The 1999 Cognitive Science Conference Paper Submission Format

CHREST+ : Investigating How Humans Learn to

Solve Problems Using Diagrams

Peter C.R. Lane, Peter C.-H. Cheng and Fernand Gobet

ESRC Centre for Research in Development, Instruction and Training,

School of Psychology, University of Nottingham,

University Park, NOTTINGHAM NG7 2RD, UK

{pcl,pcc,frg}@psychology.nottingham.ac.uk

Abstract

This paper describes the underlying principles of a computer model, CHREST+, which learns to solve problems using diagrammatic representations. Although earlier work has determined that experts store domain-specific information within schemata, no substantive model has been proposed for learning such representations. We describe the different strategies used by subjects in constructing a diagrammatic representation of an electric circuit known as an AVOW diagram, and explain how these strategies fit a theory for the learnt representations. Then we describe CHREST+, an extended version of an established model of human perceptual memory. The extension enables the model to relate information learnt about circuits with that about their associated AVOW diagrams, and use this information as a schema to improve its efficiency at problem solving.

Introduction

Earlier work has established the general form of a model of problem solving with diagrams and the kinds of internal representations required for effective performance.
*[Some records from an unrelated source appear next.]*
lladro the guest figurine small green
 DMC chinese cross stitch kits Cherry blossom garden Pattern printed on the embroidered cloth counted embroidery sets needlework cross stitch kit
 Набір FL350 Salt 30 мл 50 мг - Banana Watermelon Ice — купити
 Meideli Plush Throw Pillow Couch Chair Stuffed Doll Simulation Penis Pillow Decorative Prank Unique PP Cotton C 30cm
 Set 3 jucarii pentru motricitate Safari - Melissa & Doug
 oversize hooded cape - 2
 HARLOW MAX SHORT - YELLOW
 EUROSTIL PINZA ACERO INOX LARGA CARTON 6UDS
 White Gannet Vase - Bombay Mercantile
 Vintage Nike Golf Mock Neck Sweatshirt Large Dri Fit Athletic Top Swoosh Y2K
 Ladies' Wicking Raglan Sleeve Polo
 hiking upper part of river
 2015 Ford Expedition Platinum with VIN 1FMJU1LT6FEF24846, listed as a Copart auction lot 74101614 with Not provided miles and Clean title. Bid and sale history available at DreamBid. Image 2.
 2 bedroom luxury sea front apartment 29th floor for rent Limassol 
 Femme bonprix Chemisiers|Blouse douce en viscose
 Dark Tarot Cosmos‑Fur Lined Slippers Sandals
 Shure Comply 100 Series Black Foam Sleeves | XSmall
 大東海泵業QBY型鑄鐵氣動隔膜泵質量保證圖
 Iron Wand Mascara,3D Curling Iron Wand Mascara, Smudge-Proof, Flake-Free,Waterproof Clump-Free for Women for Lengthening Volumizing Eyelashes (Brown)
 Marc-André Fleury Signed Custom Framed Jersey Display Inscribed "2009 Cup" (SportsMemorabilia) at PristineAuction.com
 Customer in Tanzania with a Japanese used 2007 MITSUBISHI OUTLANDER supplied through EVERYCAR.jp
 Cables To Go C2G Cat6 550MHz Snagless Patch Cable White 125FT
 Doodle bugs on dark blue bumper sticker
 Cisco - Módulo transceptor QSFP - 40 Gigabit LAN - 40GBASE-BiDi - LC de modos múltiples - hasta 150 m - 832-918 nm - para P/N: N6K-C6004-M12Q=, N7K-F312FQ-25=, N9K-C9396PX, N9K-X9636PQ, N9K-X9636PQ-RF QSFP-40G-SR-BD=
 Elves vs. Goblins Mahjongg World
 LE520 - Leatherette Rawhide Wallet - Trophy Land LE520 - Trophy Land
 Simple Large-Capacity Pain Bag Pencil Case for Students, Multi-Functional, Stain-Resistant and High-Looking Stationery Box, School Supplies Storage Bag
This project attempts to combine these ideas into a learning-based framework, so developing a computational model which can learn effective representations for problem solving with diagrams. Our framework is based on Chase and Simon’s (1973) chunking theory, which hypothesises that an expert’s memory contains a large number of perceptual chunks, which can be used for problem recognition and decomposition. CHREST (Gobet, 1998; Gobet & Simon, in press) is a computer model which uses a simulated eye and Short-Term Memory (STM) for learning a discrimination network of perceptual chunks. This model has been shown to provide an excellent fit to human data in the task of recalling chess positions.

CHREST shares a number of components with models of reasoning and inferencing with external representations (e.g. Tabachneck-Schijf, Leonardo & Simon, 1997). These include an external representation, a simulated eye and a STM. In general, the STM may contain a number of components, such as: a perceptual memory, for visuo-spatial information; a verbal memory, for propositional or sentential information; and also a memory for information relating to the current goals of the system. The Long-Term Memory (LTM) of CHREST is a discrimination network of perceptual chunks. In this paper we extend CHREST with an output device, a pen, for adding information to the external representation. More importantly, we include suitable internal representations for associating problem states with domain-specific information about possible solutions. Detailed work in this area has identified schemata as the primary representation of skilled knowledge (e.g. Koedinger & Anderson, 1990). However, in spite of this theory being the basis of intelligent tutoring systems (e.g. Koedinger & Anderson, 1993), no substantive computational model has been proposed for learning such representations. This question is addressed in the remainder of this paper.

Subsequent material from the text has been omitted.